### Exercise material:
========

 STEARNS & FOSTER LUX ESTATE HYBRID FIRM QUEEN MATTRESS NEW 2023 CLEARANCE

========

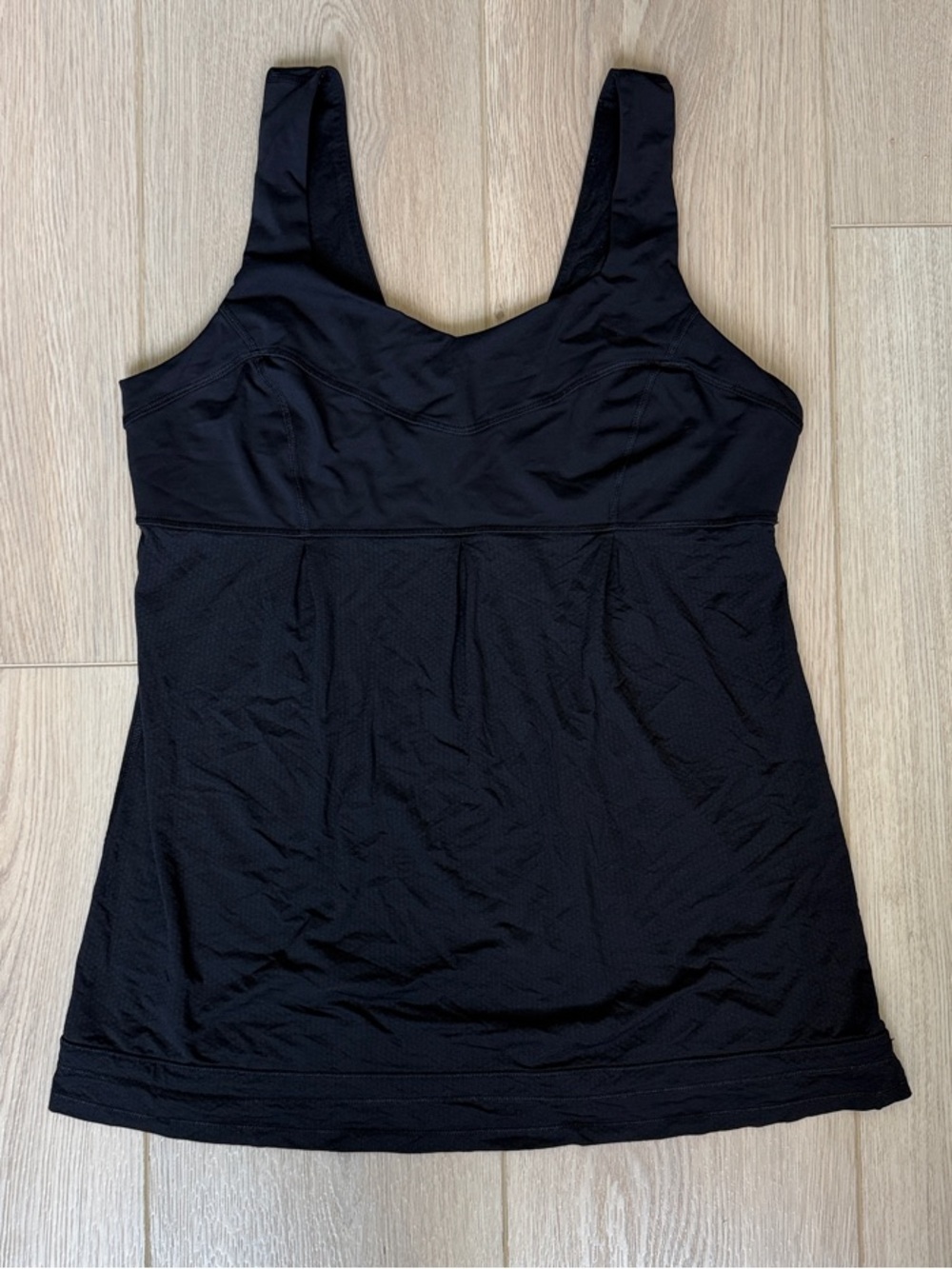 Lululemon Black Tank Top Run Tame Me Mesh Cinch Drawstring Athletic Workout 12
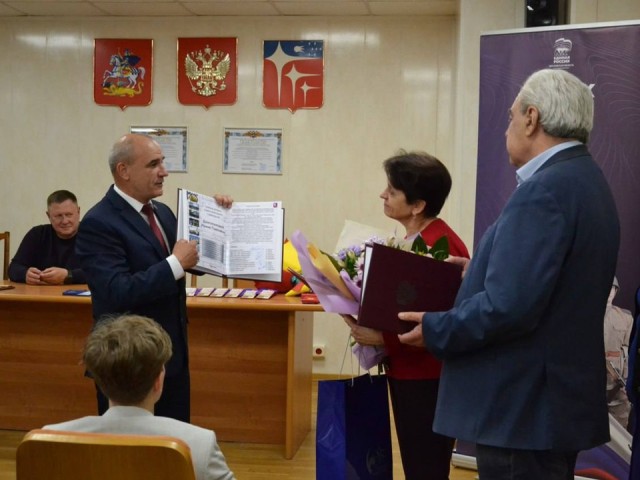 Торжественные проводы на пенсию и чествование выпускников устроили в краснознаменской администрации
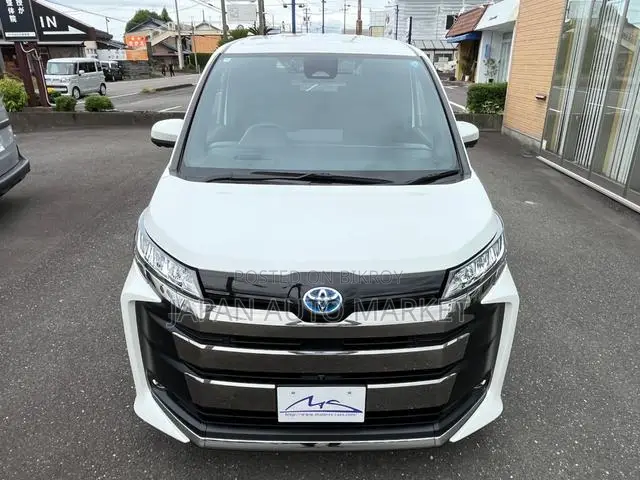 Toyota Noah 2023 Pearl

========

Give again the stretch of lines above from the one with "Торжественные проводы на" through the one with "Toyota Noah 2023 Pearl", both ends kept, and copy no pictures.

### Solution to this task:
 Торжественные проводы на пенсию и чествование выпускников устроили в краснознаменской администрации
 Toyota Noah 2023 Pearl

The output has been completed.